Moms, dads and caretakers who bristle at the thought of schedules or routines might challenge themselves to add one or two special, ritualized activities to their week—a hike every Saturday morning, for example, or Tuesday night dessert. Young kids love to be able to predict what’s going to happen, and having a treat to or celebration to look forward to can help lighten everyone’s mood.

Play by your child’s rules.

It turns out that living with a chatty, imaginative preschool-aged child is more than a little like doing improv comedy—24 hours a day. The “Temple of Dendur” scene from When Harry Met Sally? I live there. Interactions similar to this one take place all day long:

“I have decided,” Billy Crystal’s character says to Meg Ryan’s, “that for the rest of the day we are going to talk like this.”

“Like this?” she says, gamely trying to imitate the accent he has adopted.

“No,” he says. “Please. To repeat after me,” and leads her through a series of verbal exercises that throw her off balance for a moment but finally delight.

It can tempting to shut down our children’s silliness when we’re busy or tired or just not in the mood. But when we engage and respond to their play with openness, we are able to get to know our kids in new, deeper ways and awaken our own capacity for joy and creative experimentation.
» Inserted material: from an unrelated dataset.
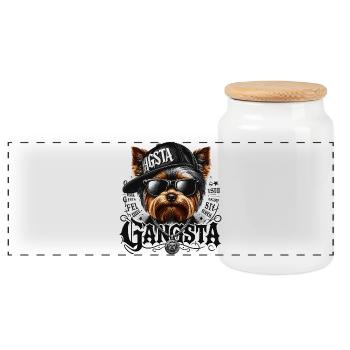Cadeau de chien Yorkshire Terrier Gangsta Gangster - Boîte à biscuits avec couvercle en bois - blanc - Devant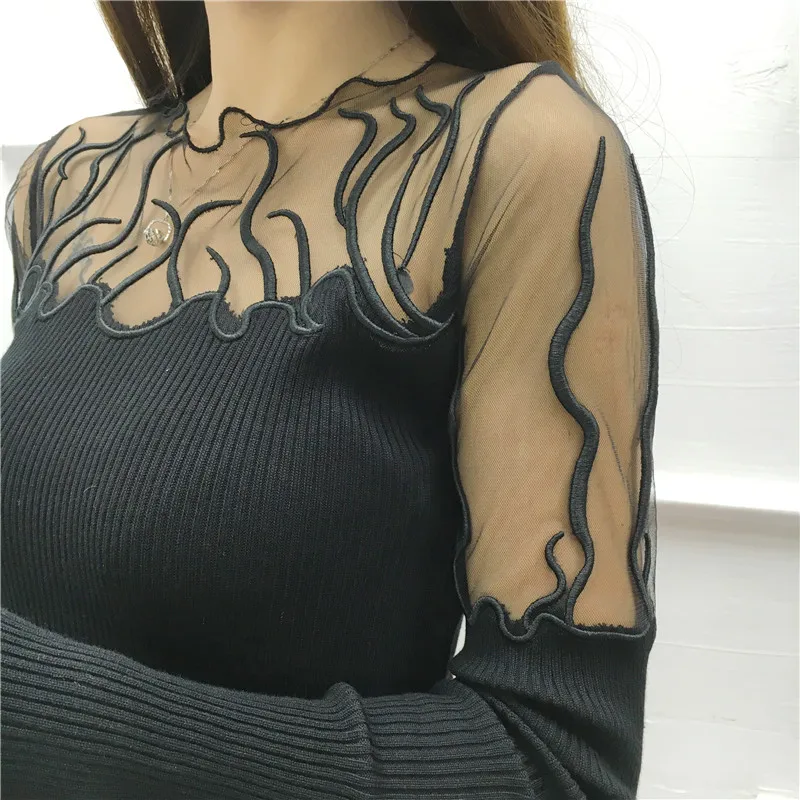 Dingaozlz Sexy Slim long-sleeved Pullovers shirt female Gauze Lace stitching Knitted Sweater Fashion Women sweater | Женская одежда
Relating with ease and good humor also communicates to our child that we are on their side—this knowledge can help them decide to comply with our wishes when we’re asking them to cooperate or challenge themselves (see “work together,” below.)

Work together.

It seems like a set-up for conflict, but our family has found doing chores together to be an unexpected source of joyful connection. Our son is three, and we know that kids this age are forever seeking ways to relate to the adults in their lives and to show us that are competent and independent. We can meet both these needs for them—and simultaneously teach practical and spiritual skills like courage and persistence by allowing them to work alongside us as we do the many things that keep life at home running smoothly.

If you are unsure what kind of work might be appropriate for your three-, four-, or five-year-old to do around the house, there are many lists of suggestions available via Google or on Pinterest. Our particular 3-year-old child can, with help and supervision, load and unload the dishwasher, cut his own soft fruits with a paring knife, and fold and put away his own laundry, among other things. Our family Sunday Service ritual allows us to take on more complicated tasks together and do for others.

When we show our young kids that we trust in their ability to help us, to challenge themselves, and to master new skills, we open the door for them to feel the particular joy of accomplishment: of feeling satisfaction both in what they have done and can do.